Алла Константиновна тихонько плакала.
- Да не бухти, батяня. Ишь, развонялся: ковёр, телевизор... Да в гробу видал я ваш телевизор, нужен он мне больно. Андрюшку лучше спроси или Стёпку, может, это они его скоммуниздили?
- Ты братьев не трожь! Негодяй, подонок! Да ты же всё, всё добро наше, горбом нашим нажитое, всё пропил да проиграл. Пристукнули бы тебя где-нибудь дружки твои собутыльники, я бы только перекрестился.
- Ты базар-то фильтруй, козёл старый! А то я и тебя продам к едрене фене. Хотя на твою сморщенную жопу вряд ли охотники найдутся.
- Хххаххх, - Андрей Степанович лишился от негодования дара речи, лишь хрипло втягивал воздух. – Хххаххх...
- От радости в зобу дыхалку спёрло? – процитировал Костик.
- Да как ты смеешь так говорить с отцом?! Я тебя, хамло, научу вежливости! – и Андрей Степанович с утробным рыком бросился на сына, одной рукой вцепился в его рубашку на груди, а другой стал бить его по голове и по лицу.
- Я тебя научу отца уважать, говно! – кричал Андрей Степанович. – Я из тебя сделаю члена общества, засранец!
- Да ты что, батя, охренел что ли?! – опешивший от неожиданности Костик даже не защищался.
- Отвали по-хорошему, - вдруг рассвирепел он, - а то пристукну тебя нахер, не посмотрю, что ты отец!

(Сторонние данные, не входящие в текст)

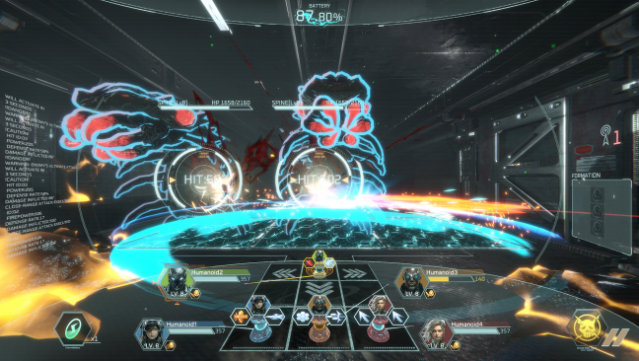 Scars of Mars Gameplay Screenshot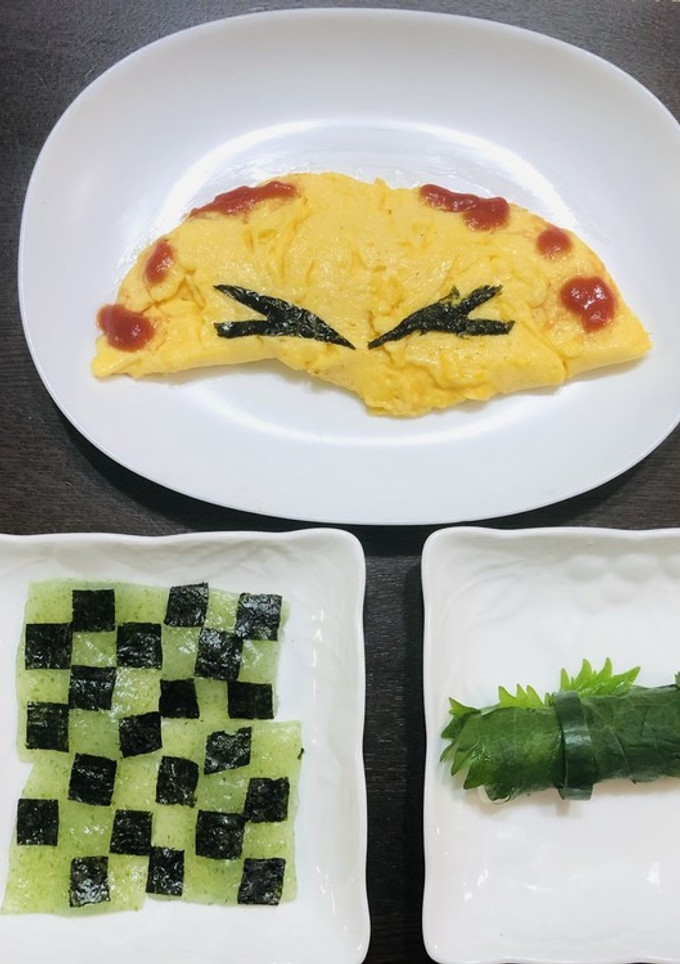 簡単！鬼滅の刃定食！-レシピのメイン写真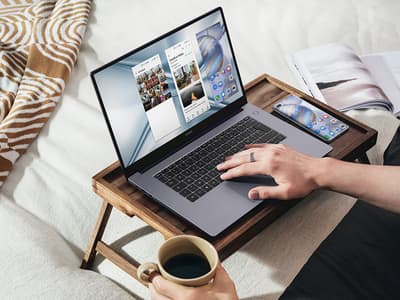 Каким должен быть ноутбук для работы: 7 важных для продуктивности фишек Honor MagicBook X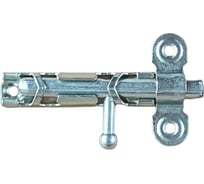 Задвижка накладная Метизик ЗТ1 с ц. дв. цинк (2 шт.) 041 ЗТ1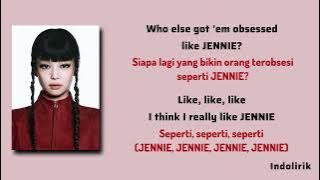like JENNIE - JENNIE | Lirik Terjemahan Indonesia
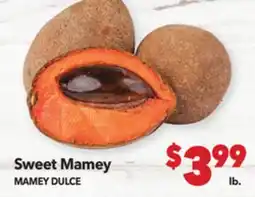 Vallarta Supermarkets Sweet Mamey / MAMEY DULCE offer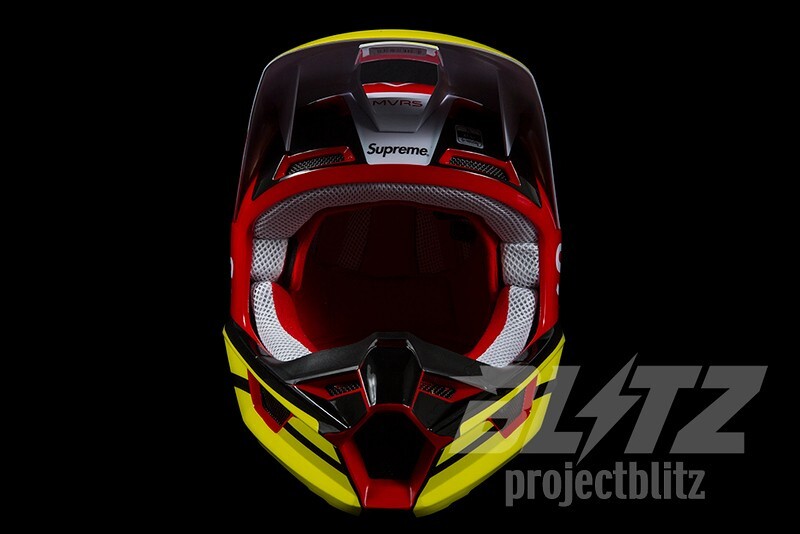 honda×supreme Foxオフロードヘルメット Supreme/Honda Fox Racing V1 Helmet - UG.SHAFT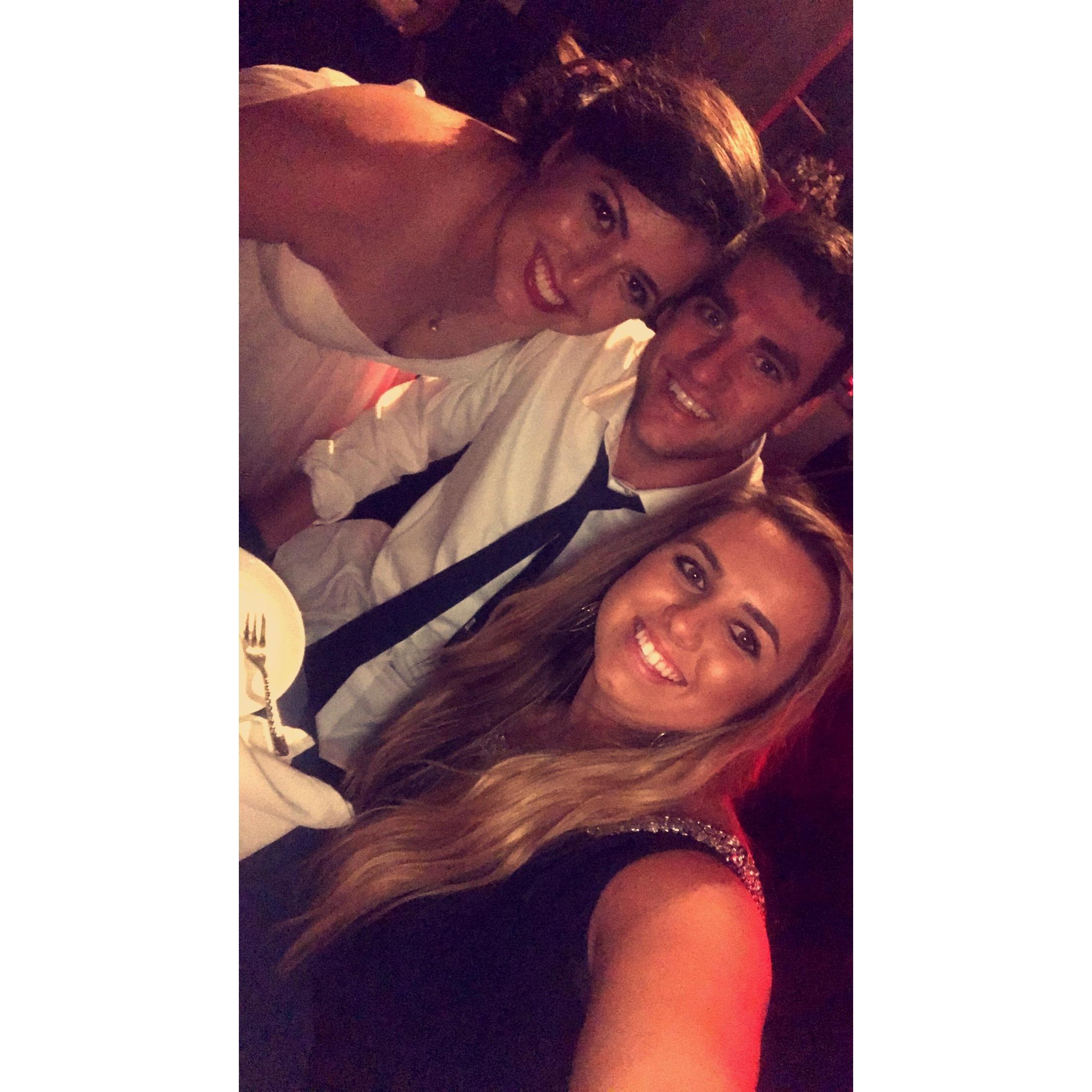 A fun weekend at Evan and Raven's wedding.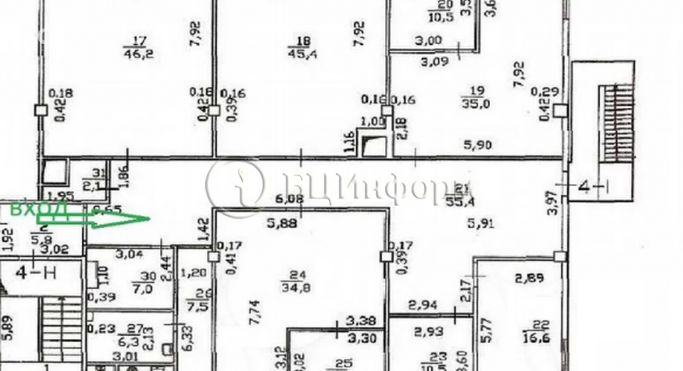 Аренда офиса 200 м², Хрустальная улица - фото 4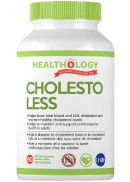 Healthology Cholesto-Less - 60 Softgels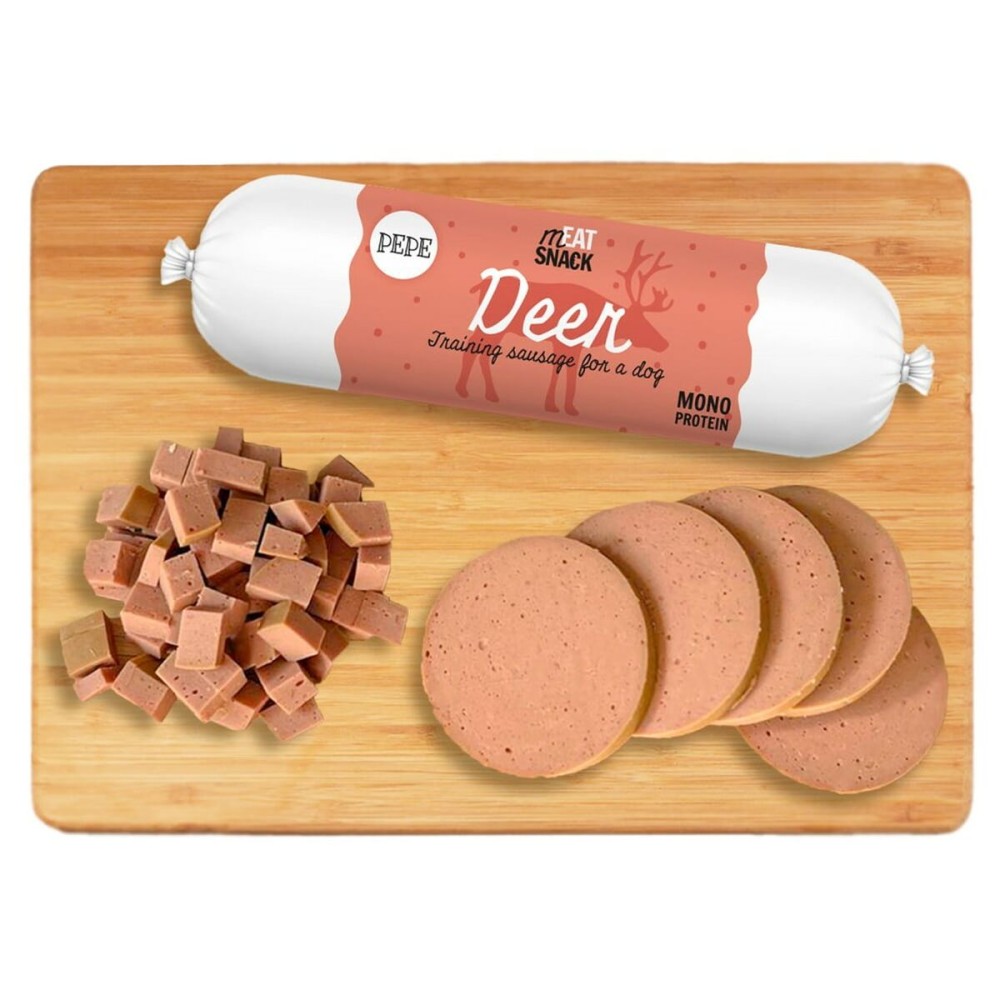 Hundesnack Paka Zwierzaka Pepe Deer Hirsch 200 g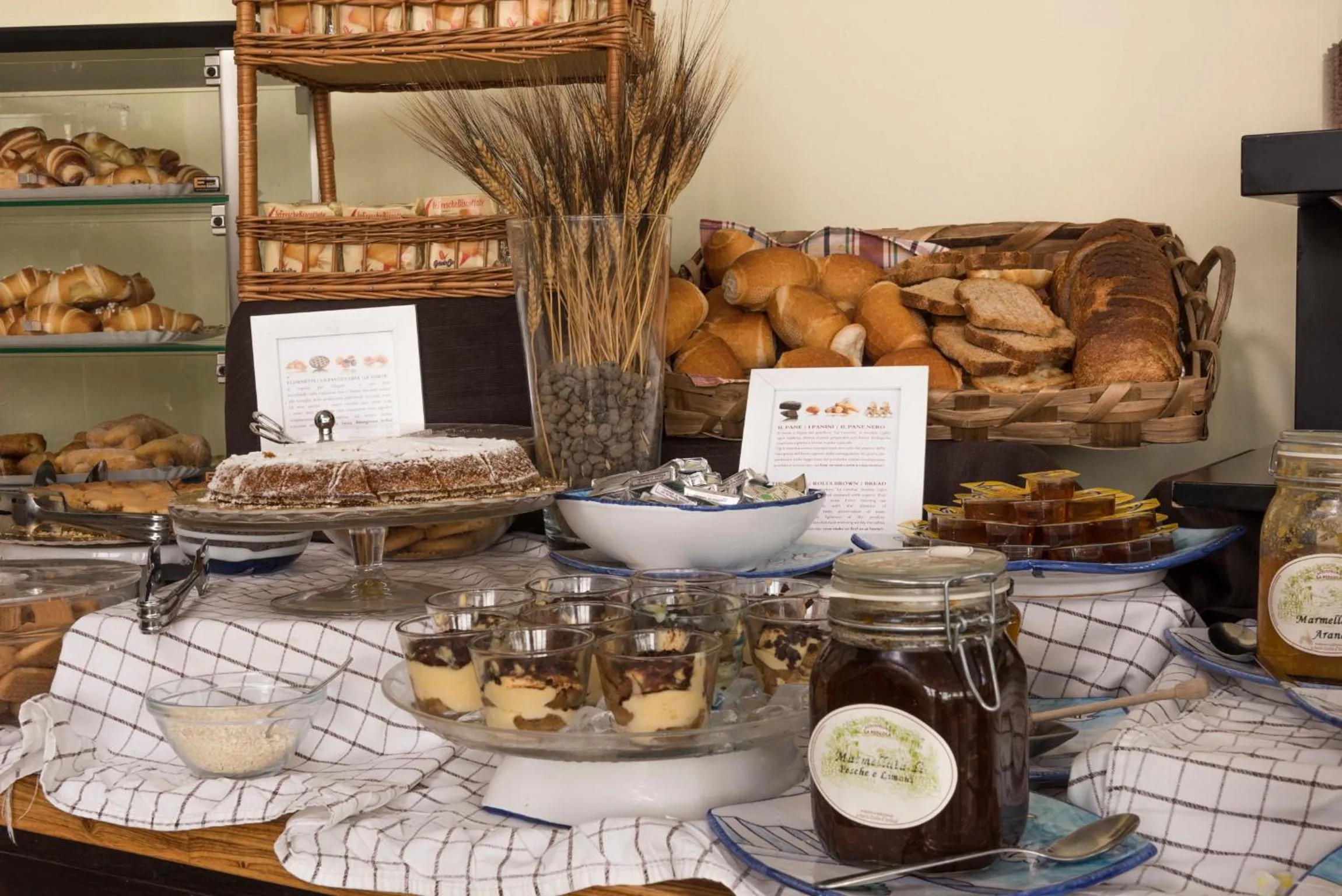 Breakfast in Marina 10 Design Hotel & SPA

- А-а-а-а-а-а!!! – вдруг страшно закричала Алла Константиновна и бросилась разнимать дерущихся. – Да что же вы творите, изверги?! Перестаньте! Генрих! Костик! Уходи, Костик, видишь, у отца истерика.
- Убирайся, хамло, подонок! – бушевал Андрей Степанович, награждая сына последним пинком. – И чтобы духу твоего здесь больше не было! – Алла Константиновна с трудом удерживала разошедшегося мужа. – Чтоб ты подох там где-нибудь, как последняя собака! Ты мне больше не сын! Убирайся!
- Завали хлебало, дурило, - Костик оправился от потрясения и снова обнаглел. – Да нужны вы мне больно. Всё равно с вас взять больше нечего.
- Во-о-о-о-о-о-он!!! – рёв отца, достигнув самой высокой ноты, сорвался на визг. Костик вышел и закрыл дверь.
Через полчаса скорая увезла Андрея Степановича с сильнейшим приступом стенокардии. Алла Константиновна сидела на кухне в одиночестве, не зажигая свет, и тихо плакала.